Northwest Arkansas Democrat-Gazette
In-laws offer sweet deal for home ... With a catch
Dear Abby: I’m a newlywed. My husband and I are looking for a house to settle down in, but we’re struggling to find one we like and can afford. My in-laws, who are moving, offered to sell us their house for a very generous price. The house is in a great neighborhood, but it’s old, outdated and has HVAC and plumbing problems.
I think the house would be the perfect place for my husband and me to raise a family if we had some renovations made. However, we have talked to my in-laws, and they are very attached to this house and very against having any renovations made to it. My husband is happy to buy it and not have the renovations made, but I’m not so sure. — House Hunter In California
Dear House Hunter: You and your husband should talk with your in-laws. While I understand their sentimental attachment to the house, they are being unrealistic and controlling. If they sold it to strangers, you can bet the first thing that would happen would be renovations. HVAC and plumbing problems cost a fortune to keep fixing over time if they are not dealt with. Don’t they want their grandkids raised in a nice, safe home in a great neighborhood? If the answer is yes, they need to loosen the reins. If not, then keep looking.
Dear Abby: My college-age daughter who still lives with me is addicted to caffeine. I am considering slowly replacing the regular coffee with decaf without telling her. I don’t want to tell her, as this may get in her head, and she may react by having withdrawal symptoms.

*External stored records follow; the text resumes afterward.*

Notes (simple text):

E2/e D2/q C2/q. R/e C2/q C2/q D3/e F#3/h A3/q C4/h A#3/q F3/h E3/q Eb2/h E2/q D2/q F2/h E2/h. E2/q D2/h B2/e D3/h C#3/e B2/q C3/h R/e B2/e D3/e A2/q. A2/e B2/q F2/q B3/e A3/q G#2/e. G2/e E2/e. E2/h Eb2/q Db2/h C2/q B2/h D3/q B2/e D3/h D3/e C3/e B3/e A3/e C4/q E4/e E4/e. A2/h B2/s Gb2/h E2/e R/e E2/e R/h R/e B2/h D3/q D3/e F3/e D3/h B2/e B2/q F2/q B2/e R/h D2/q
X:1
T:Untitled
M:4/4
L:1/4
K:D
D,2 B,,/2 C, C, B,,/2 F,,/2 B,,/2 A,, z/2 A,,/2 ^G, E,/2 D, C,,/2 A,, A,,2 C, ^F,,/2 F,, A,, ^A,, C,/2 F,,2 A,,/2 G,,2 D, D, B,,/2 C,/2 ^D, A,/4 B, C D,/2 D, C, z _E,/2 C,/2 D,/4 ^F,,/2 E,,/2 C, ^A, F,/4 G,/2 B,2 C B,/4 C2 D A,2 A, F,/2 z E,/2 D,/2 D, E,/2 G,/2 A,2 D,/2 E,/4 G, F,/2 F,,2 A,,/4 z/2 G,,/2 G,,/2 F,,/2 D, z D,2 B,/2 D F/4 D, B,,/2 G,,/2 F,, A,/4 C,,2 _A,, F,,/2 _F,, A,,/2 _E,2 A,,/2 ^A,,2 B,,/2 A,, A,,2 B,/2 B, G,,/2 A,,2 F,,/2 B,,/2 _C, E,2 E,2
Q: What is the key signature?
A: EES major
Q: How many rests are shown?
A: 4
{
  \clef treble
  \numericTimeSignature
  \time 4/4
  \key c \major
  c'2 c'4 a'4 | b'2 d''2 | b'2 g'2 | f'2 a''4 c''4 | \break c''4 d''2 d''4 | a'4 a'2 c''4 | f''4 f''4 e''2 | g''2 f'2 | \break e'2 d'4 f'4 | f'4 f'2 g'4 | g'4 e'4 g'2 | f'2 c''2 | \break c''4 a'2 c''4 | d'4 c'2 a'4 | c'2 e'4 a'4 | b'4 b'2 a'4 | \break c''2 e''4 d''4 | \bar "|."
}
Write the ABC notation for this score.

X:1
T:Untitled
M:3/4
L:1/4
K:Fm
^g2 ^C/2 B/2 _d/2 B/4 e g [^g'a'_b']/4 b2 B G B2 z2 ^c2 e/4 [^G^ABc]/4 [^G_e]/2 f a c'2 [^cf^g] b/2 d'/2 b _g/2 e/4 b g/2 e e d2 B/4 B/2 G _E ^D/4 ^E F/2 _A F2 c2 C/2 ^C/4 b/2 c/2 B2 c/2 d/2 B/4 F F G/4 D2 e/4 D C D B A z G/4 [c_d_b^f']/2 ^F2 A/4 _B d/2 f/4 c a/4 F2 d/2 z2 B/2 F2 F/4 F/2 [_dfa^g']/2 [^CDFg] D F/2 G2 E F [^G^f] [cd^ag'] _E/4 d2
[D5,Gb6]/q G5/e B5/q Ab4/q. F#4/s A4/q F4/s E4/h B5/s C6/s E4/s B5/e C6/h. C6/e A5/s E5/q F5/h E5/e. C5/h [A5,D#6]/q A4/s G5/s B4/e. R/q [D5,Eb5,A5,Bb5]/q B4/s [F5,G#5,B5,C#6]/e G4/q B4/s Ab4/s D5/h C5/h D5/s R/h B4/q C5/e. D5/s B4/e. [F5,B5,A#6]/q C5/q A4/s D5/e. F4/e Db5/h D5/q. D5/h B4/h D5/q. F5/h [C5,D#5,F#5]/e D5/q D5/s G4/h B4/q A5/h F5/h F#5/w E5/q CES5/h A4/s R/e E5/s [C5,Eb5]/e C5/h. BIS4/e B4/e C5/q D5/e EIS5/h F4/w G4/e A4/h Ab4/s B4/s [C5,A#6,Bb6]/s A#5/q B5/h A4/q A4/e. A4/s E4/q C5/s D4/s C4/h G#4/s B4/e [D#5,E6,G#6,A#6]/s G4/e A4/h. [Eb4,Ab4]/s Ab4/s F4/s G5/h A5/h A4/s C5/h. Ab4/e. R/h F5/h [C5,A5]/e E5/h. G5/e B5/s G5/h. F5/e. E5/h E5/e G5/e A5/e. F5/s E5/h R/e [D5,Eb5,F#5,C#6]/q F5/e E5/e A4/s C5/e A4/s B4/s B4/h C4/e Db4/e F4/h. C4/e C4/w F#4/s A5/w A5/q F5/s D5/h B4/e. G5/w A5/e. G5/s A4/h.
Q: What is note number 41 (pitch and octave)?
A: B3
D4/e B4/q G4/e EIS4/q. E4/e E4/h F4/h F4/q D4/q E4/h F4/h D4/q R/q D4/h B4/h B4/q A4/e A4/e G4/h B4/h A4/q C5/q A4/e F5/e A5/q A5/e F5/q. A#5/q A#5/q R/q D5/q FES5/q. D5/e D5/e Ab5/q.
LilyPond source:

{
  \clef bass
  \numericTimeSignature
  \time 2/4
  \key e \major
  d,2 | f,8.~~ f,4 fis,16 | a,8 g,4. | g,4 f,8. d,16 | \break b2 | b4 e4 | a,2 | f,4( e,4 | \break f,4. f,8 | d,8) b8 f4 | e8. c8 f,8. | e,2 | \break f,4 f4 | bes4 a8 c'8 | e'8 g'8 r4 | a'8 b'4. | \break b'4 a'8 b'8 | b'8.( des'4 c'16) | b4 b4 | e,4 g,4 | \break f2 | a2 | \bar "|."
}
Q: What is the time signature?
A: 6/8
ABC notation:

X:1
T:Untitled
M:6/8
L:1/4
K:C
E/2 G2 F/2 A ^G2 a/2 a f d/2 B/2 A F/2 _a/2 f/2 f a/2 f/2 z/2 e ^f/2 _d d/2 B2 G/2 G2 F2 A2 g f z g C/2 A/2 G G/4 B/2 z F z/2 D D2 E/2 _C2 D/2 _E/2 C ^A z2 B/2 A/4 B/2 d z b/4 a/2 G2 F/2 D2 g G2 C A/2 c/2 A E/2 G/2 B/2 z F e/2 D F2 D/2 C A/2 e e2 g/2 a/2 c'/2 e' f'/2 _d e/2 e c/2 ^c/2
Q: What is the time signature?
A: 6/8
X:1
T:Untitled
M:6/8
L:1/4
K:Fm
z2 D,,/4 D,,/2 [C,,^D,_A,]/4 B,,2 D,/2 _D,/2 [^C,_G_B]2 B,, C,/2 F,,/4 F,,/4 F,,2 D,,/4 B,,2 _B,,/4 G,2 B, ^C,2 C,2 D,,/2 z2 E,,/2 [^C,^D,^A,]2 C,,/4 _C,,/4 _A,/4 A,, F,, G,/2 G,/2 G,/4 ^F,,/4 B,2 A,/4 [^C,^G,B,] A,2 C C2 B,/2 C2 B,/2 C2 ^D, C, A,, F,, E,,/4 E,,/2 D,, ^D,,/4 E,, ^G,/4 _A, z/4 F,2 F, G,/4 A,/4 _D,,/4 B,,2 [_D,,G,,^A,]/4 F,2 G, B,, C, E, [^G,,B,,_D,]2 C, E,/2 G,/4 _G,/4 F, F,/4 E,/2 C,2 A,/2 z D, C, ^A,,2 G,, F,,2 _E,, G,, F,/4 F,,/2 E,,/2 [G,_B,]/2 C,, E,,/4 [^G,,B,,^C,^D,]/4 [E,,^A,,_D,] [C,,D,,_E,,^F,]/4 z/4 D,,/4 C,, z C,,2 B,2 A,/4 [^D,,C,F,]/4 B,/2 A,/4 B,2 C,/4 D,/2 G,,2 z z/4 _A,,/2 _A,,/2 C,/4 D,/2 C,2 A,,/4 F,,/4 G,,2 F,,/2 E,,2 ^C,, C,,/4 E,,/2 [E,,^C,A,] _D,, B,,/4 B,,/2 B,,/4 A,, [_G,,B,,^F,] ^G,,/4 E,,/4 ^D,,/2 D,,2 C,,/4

I don’t think she would be angry, because she knows I am always looking out for her. — Mom With A Plan
Dear Mom: Quit being a helicopter barista. Have enough respect for your daughter to tell her the amount of coffee she drinks is a concern. Then ask if she would like your help to cut back. Withdrawal from caffeine is real, and your daughter might wonder what’s wrong when she experiences symptoms of withdrawal if you keep her in the dark.
Dear Abby: I’m a veteran with a nonservice-connected back injury. I need artificial discs between several vertebrae. The hospitals and clinics ignored my condition for the past 25 years. My fiancee is a nurse and doesn’t have money for my operation. A wealthy female friend has offered to fund it. Should I ask my fiancee for permission since this friend is a woman? — Getting A Chance In Oklahoma
Dear Getting: You should definitely clear it with your fiancee. If she loves you, she will agree that you are fortunate to have such a generous friend. However, if she’s insecure, you will then have to decide which is more important — your health or your relationship.